Шрифт:
Интервал:
Закладка:
— В наших руках, — отозвался он. — О, я уверен, что им от нас не уйти, если вы возьметесь за дело, мистер Болдеро.
Мистер Болдеро принял похвалу с улыбкой, выражавшей все, что угодно, кроме ложной скромности. Он заслужил похвалу и знал это.
— Я изложу вам кое-какие из моих соображений по поводу организации рекламы, — сказал он. — Чтобы у вас создалось представление. Вы их обдумаете на досуге и сделаете свои предложения.
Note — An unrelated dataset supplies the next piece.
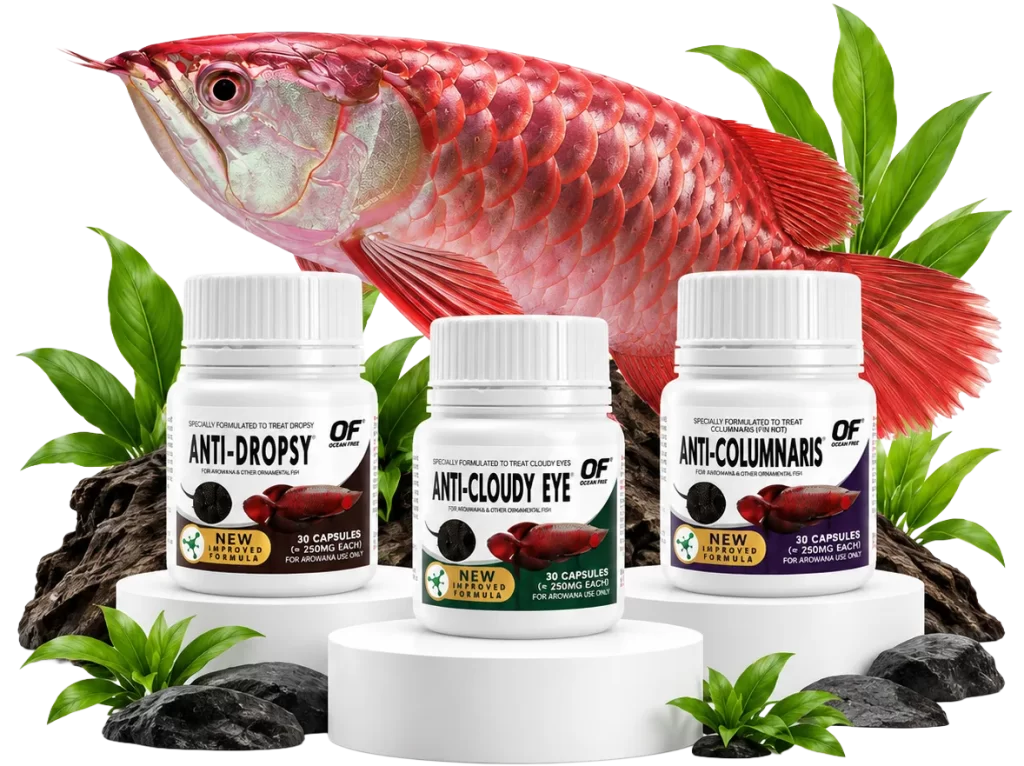 Ocean Free Arowana Capsule Treatment Series with Anti-Dropsy, Anti-Cloudy Eye and Anti-Columnaris treatments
— Да, да, — кивнул Гамбрил.
Мистер Болдеро откашлялся.
— Мы начнем с того, — сказал он, — что будем апеллировать как можно проще и элементарней, к инстинкту самосохранения: мы укажем, что Патентованные Штаны удобны; что носить их — это значит избегать боли. Несколько кричащих лозунгов о комфорте — вот и все. Проще простого. Нет ничего легче, как убедить человека, что на воздухе сидеть приятней, чем на дереве. Но тут же, не оставляя вопроса о твердых сиденьях, мы должны сделать незаметное фланговое движение и атаковать социальные инстинкты. — И, приложив кончик указательного пальца к кончику большого, мистер Болдеро легким движением отвел руку в сторону, точно скользя по гладким медным перилам. — Мы будем говорить о величии и о тяготах сидячей работы. Мы должны подчеркивать ее духовное достоинство и одновременно осуждать связанные с ней неудобства. «Почетный Стул», знаете? Можно развить эту тему. «Стулья Сильных Мира Сего». «Стул, управляющий конторой, возвышается над миром». Из этого уже можно кое-что сделать. А затем нужно подпустить исторической болтовни насчет тронов: как почетны, но как неудобны они были. Мы должны заставить банковского служащего и государственного чиновника гордиться своим положением и в то же время стыдиться того, что они, такие замечательные люди, вынуждены мириться с болью в ягодицах. В современной рекламе нужно льстить публике — не в елейном, униженном, коммивояжерском стиле старых мастеров рекламы, ползавших на брюхе перед клиентами, которые стояли выше их на общественной лестнице. Этот стиль устарел. Теперь мы выше их, потому что у нас больше денег, чем у конторщиков и чиновников. Современная лесть должна быть мужественной, прямолинейной, искренней; она должна выражать восхищение равных — тем более лестное, что мы вовсе не равные им. — Мистер Болдеро приложил палец к носу. — Они чернь, а мы — капиталисты… — Он рассмеялся.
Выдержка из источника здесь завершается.